Produce a word-for-word copy of the data that follows, excluding images.

Input data
* * * *

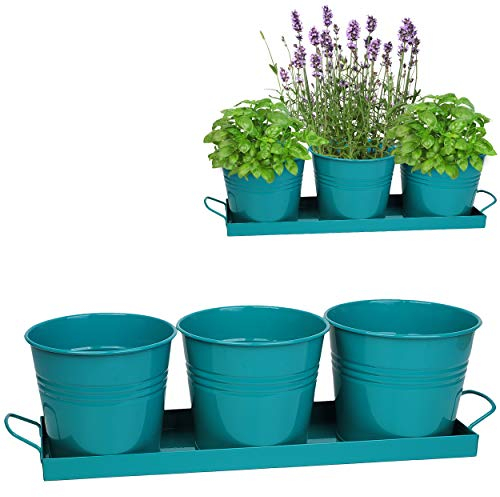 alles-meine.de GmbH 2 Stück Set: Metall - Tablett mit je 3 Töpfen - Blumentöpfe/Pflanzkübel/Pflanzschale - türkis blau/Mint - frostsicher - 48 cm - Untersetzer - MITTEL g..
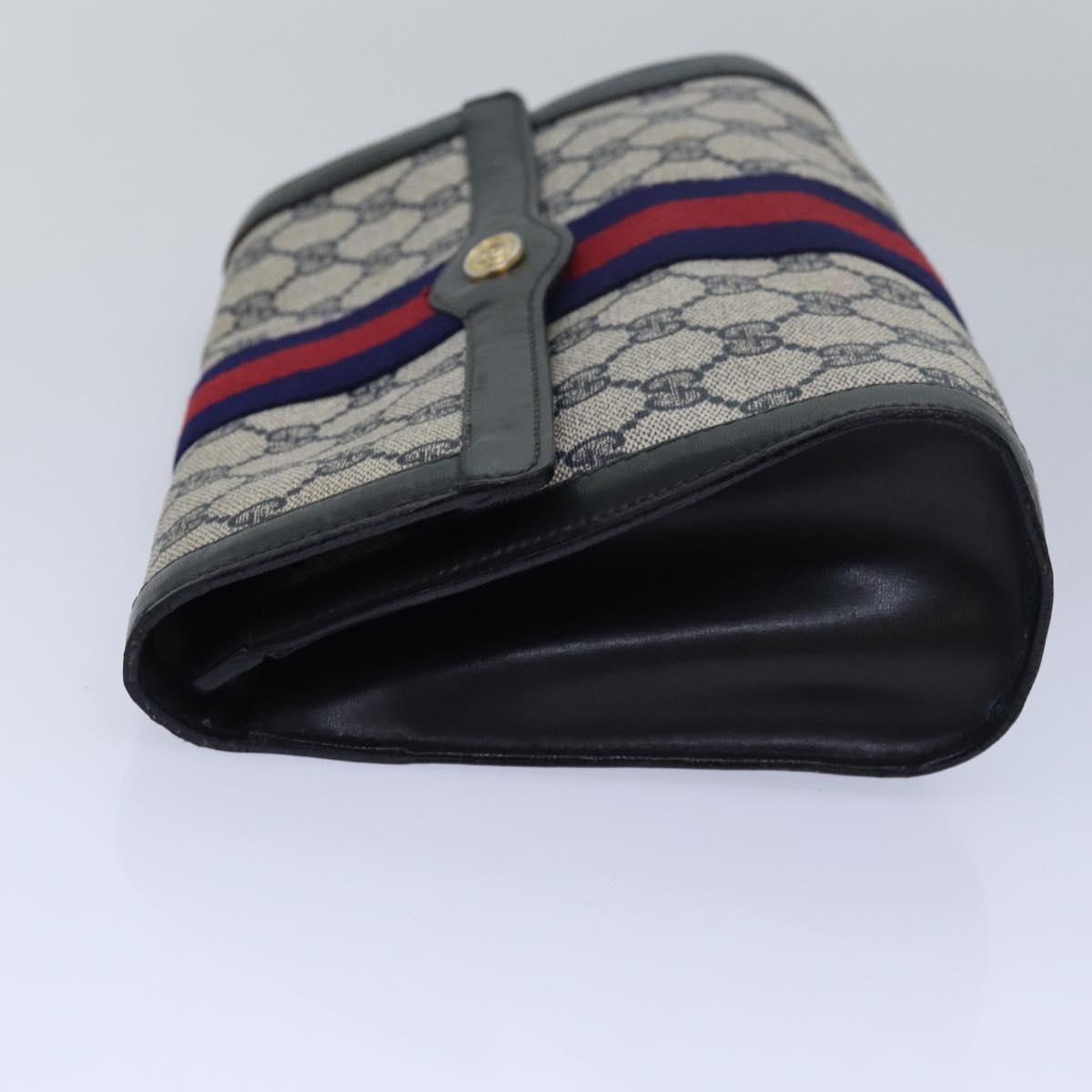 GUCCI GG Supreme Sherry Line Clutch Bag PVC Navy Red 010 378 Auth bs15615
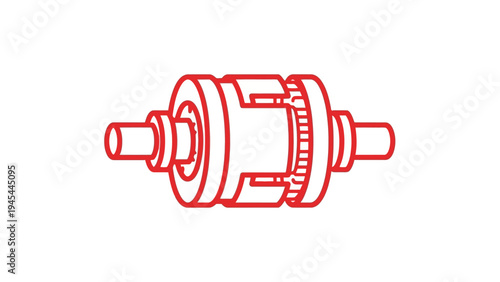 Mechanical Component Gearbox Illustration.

* * * *

Finished task
 alles-meine.de GmbH 2 Stück Set: Metall - Tablett mit je 3 Töpfen - Blumentöpfe/Pflanzkübel/Pflanzschale - türkis blau/Mint - frostsicher - 48 cm - Untersetzer - MITTEL g..
 GUCCI GG Supreme Sherry Line Clutch Bag PVC Navy Red 010 378 Auth bs15615
 Mechanical Component Gearbox Illustration.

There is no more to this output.